- AVAILABLE RECORDS -
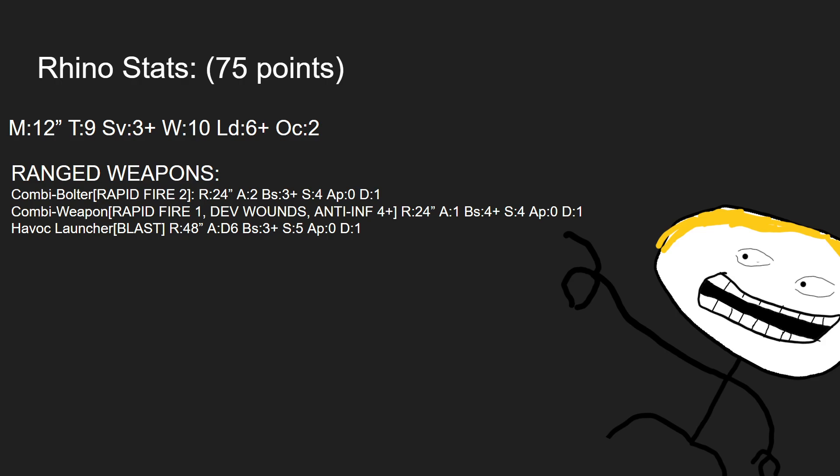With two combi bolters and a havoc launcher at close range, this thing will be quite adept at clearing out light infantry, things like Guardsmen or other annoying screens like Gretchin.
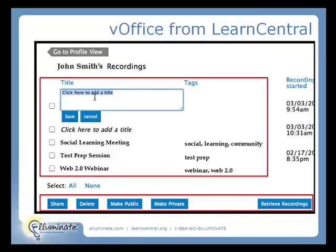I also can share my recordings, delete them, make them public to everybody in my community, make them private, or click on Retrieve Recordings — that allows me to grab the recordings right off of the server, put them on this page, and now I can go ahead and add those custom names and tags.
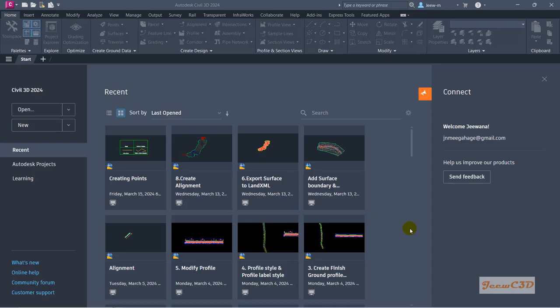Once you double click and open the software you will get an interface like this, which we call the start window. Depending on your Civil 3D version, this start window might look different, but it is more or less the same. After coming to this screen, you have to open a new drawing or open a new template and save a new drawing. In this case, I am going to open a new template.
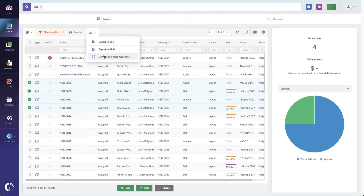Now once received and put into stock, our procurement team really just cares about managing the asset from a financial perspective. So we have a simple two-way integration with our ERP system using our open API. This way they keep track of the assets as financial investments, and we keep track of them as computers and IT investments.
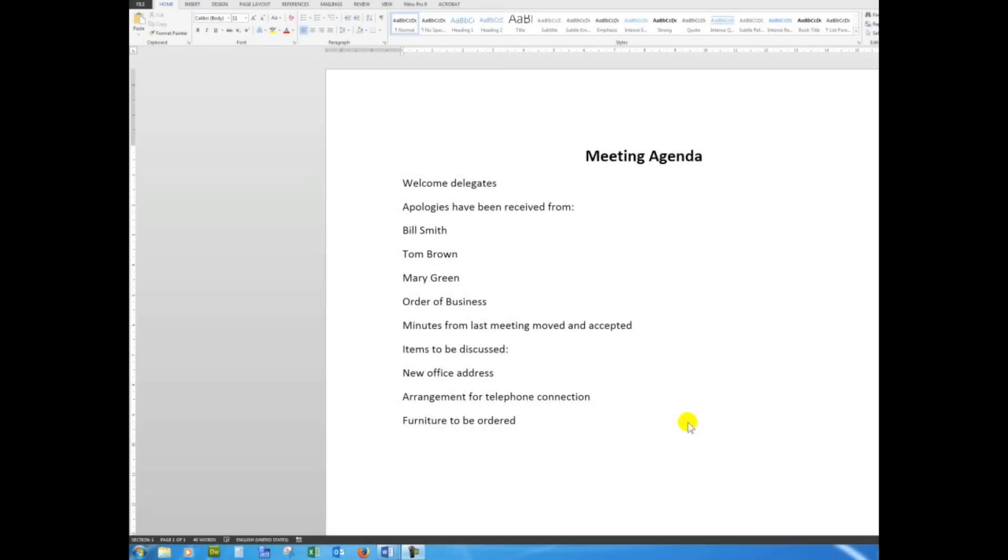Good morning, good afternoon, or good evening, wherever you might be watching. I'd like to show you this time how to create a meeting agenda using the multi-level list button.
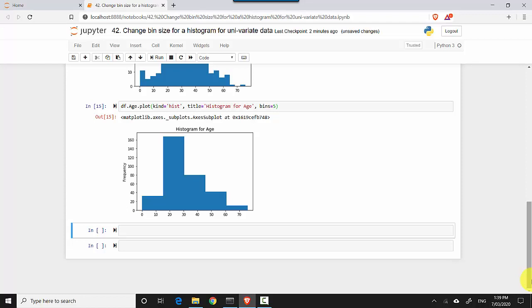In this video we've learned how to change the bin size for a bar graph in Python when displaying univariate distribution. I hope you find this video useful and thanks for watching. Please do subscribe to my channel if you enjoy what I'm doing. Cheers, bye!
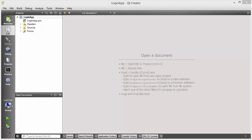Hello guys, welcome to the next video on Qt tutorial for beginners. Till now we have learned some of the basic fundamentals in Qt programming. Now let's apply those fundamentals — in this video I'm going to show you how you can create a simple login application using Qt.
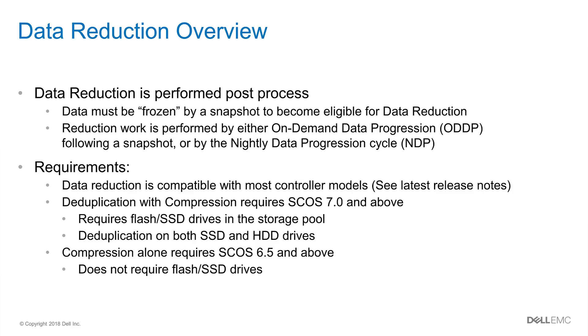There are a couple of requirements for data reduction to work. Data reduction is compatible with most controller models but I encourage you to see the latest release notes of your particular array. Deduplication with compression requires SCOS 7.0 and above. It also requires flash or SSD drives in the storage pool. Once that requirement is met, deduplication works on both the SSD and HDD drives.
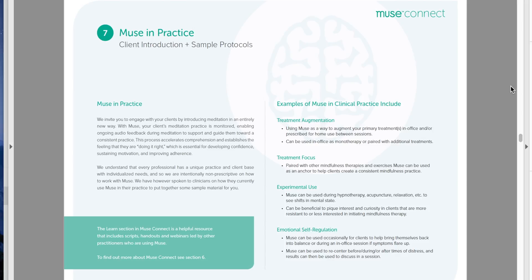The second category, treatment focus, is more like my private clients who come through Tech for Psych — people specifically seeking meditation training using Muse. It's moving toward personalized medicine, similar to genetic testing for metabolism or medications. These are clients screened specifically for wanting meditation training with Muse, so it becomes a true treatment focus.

- PROBLEM DETAILS -
Nothing but the lines from the one containing "In this video we've" through the final line of the records, both included and copied exactly, should appear in the answer; pictures stay out.

- ANSWER FOR THIS EXERCISE -
In this video we've learned how to change the bin size for a bar graph in Python when displaying univariate distribution. I hope you find this video useful and thanks for watching. Please do subscribe to my channel if you enjoy what I'm doing. Cheers, bye!
Hello guys, welcome to the next video on Qt tutorial for beginners. Till now we have learned some of the basic fundamentals in Qt programming. Now let's apply those fundamentals — in this video I'm going to show you how you can create a simple login application using Qt.
There are a couple of requirements for data reduction to work. Data reduction is compatible with most controller models but I encourage you to see the latest release notes of your particular array. Deduplication with compression requires SCOS 7.0 and above. It also requires flash or SSD drives in the storage pool. Once that requirement is met, deduplication works on both the SSD and HDD drives.
The second category, treatment focus, is more like my private clients who come through Tech for Psych — people specifically seeking meditation training using Muse. It's moving toward personalized medicine, similar to genetic testing for metabolism or medications. These are clients screened specifically for wanting meditation training with Muse, so it becomes a true treatment focus.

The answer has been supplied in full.